Reproduce the records below in full and exactly, without their images.
*** Opening of THE DATA ***
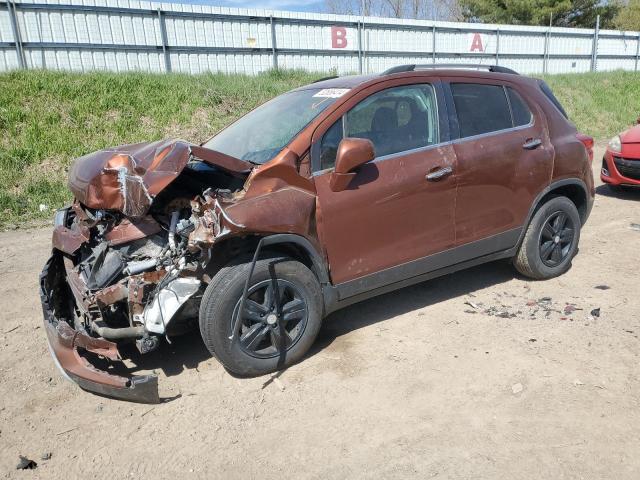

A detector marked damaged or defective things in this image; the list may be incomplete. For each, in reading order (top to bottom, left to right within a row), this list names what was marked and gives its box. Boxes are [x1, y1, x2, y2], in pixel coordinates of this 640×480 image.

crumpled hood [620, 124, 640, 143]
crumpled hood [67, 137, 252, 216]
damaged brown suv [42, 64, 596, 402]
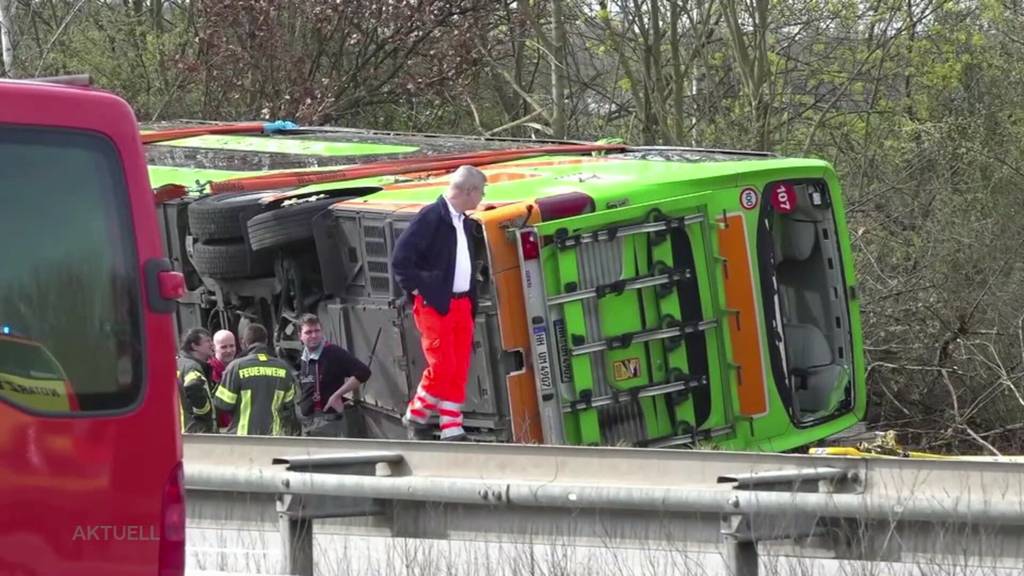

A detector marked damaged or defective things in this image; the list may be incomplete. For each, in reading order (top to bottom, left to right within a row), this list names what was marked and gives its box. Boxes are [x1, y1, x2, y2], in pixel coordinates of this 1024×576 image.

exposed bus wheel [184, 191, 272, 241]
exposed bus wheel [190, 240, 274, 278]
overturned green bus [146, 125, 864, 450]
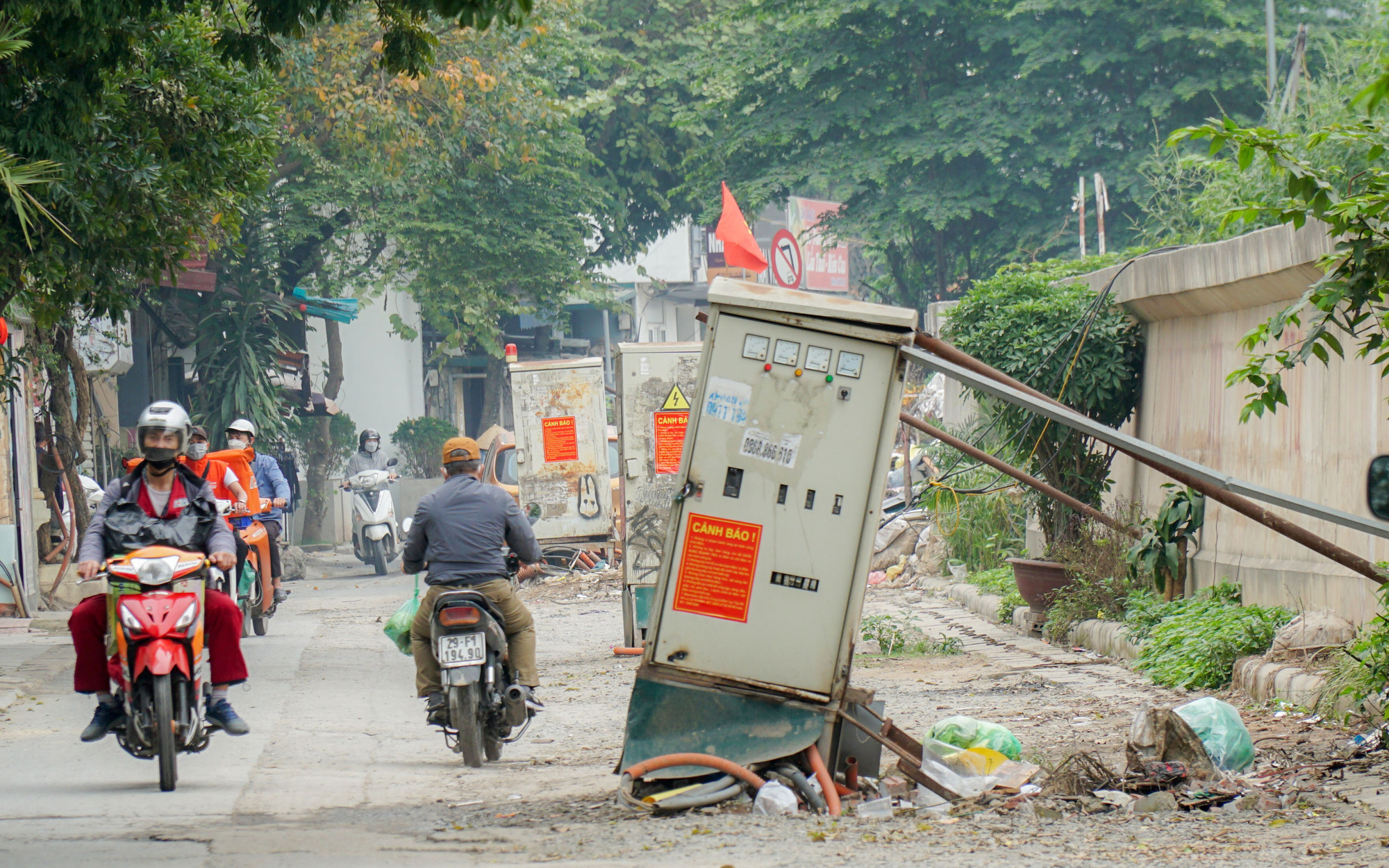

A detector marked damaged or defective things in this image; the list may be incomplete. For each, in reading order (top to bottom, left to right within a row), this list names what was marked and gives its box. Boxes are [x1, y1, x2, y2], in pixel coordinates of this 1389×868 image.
*** Close of THE DATA ***
• RESPONSE:
A detector marked damaged or defective things in this image; the list may be incomplete. For each, in reading order (top to bottom, left to right within a row), this list names what was marked and gives its box. Boxes are [x1, y1, x2, y2], in pixel coordinates of this 640×480 image.

crumpled hood [620, 124, 640, 143]
crumpled hood [67, 137, 252, 216]
damaged brown suv [42, 64, 596, 402]

A detector marked damaged or defective things in this image; the list may be incomplete. For each, in reading order (top to bottom, left to right within a row), this list names what was marked and gives its box. Boxes are [x1, y1, x2, y2], in pixel coordinates of this 1024×576 image.

exposed bus wheel [184, 191, 272, 241]
exposed bus wheel [190, 240, 274, 278]
overturned green bus [146, 125, 864, 450]

A detector marked damaged or defective things in this image; the list may be incomplete. For each, in reading order (top to bottom, left to right within a row), this list names what was marked and gives its box. Boxes are [x1, y1, x2, y2], in pixel coordinates of this 1389×868 image.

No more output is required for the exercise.